Huib vertelt dat de Utrechtse Staten twee weken terug een omgevingsverordening heeft aangenomen. Die stimuleert o.a. energiecoöperaties te zoeken naar combinaties van energieopwekking en natuurbescherming en -ontwikkeling. Aan de andere kant moet je ook kijken naar wat er in beschermde gebieden echt gebeurt. Er zijn ook zieltogende weidevogelgebieden waar vogels niet graag komen, vanwege de waterstand, overlast van agrariërs bijvoorbeeld. Dan kun je toestemming geven om daar energie op te wekken op voorwaarde dat je er voor zorgt dat het gebied als geheel aantrekkelijker wordt voor vogels.
Peter vertelt dat de Gelderse Staten juist gisteren een nieuwe omgevingsverordening heeft vastgesteld. Met deze verordening moet het mogelijk zijn om met experimenteerruimtes te werken om de verschillende uitdagingen in passen. Vindt dat het er nu een gouden kans is om de energievoorziening te democratiseren, door de financiële participatie van de bewoners te stimuleren, en daarmee onafhankelijk te worden van de grote kolen- en oliebedrijven.
Monique tekent daarbij aan dat financiële participatie niet voor iedereen is weggelegd.
Monique vraagt beide gedeputeerden een laatste aanbeveling te maken voor de RES'sen.
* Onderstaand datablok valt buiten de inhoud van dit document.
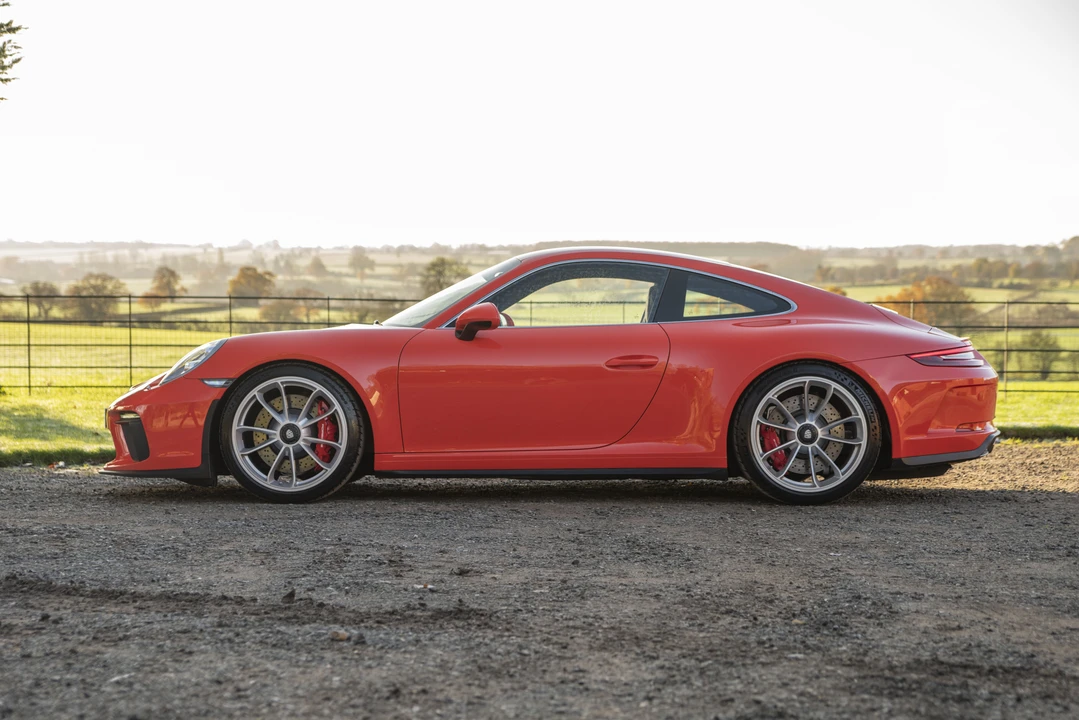 2018 Porsche 991 Carrera - Image 9 of 31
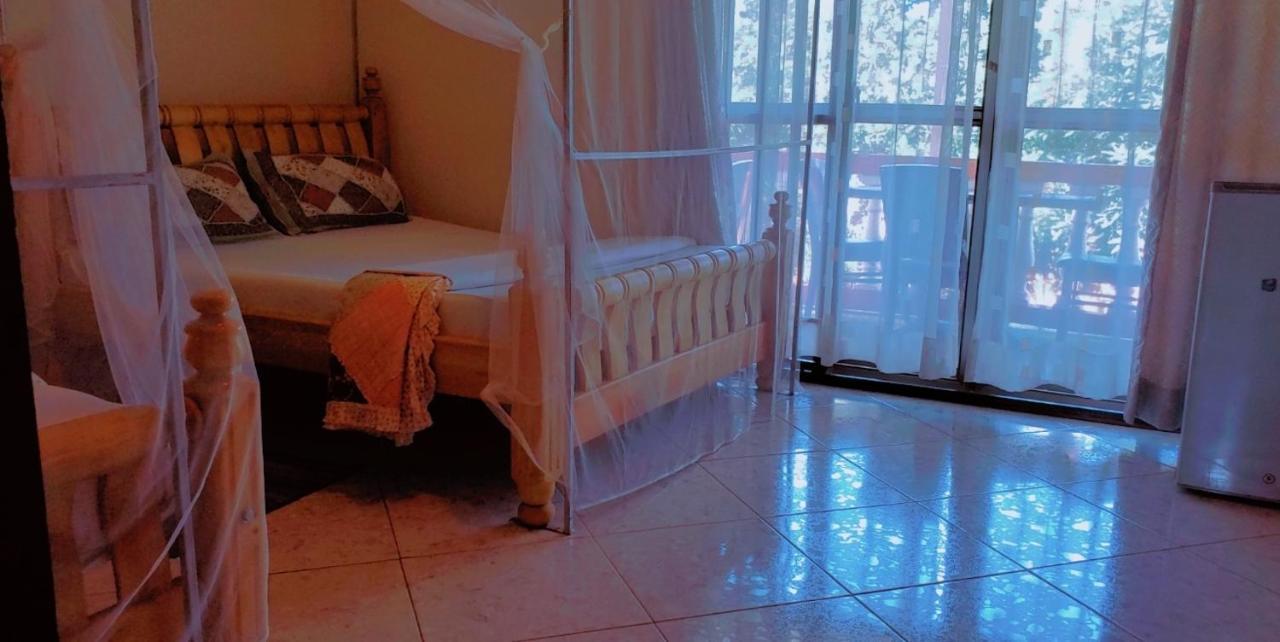 La Feve Beach Bed And Breakfast Entebbe เอนเทบเบ้ ภายนอก รูปภาพ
Huib: RES’sen zijn processen van onderop, van energiecoöperaties, bewoners en gemeenten. Als er dan lokaal enthousiasme is voor windmolens, en de gemeente heeft een moratorium voor wind, moet de provincie dan een rol spelen? Het is beter ruimte te geen aan initiatieven van onderop. Maar sommige gemeenten komen van nul, en elk initiatief kan leiden tot polarisatie. Het is belangrijk dat gemeenten samenwerken, vermijden dat ze tegenover elkaar staan. Dat wordt de komen jaren erg belangrijk om te voorkomen dat het een rommeltje wordt.
Peter vult aan dat het belangrijk is om naar goede koppelkansen te zoeken. Bijvoorbeeld in ecologische verbindingszones. In Deil bijvoorbeeld komen molens in een natuurgebied, en dat levert geld op voor dat natuurgebied. Noemt ook het combineren van zonnepanelen met fruitteelt.
Afsluiting
Titia bedankt Monique en de deelnemers. Ze vraagt de toehoorders te reageren op de vraag of er behoefte is aan een vervolg van dit webinar en waar dat dan specifiek over zou moeten gaan.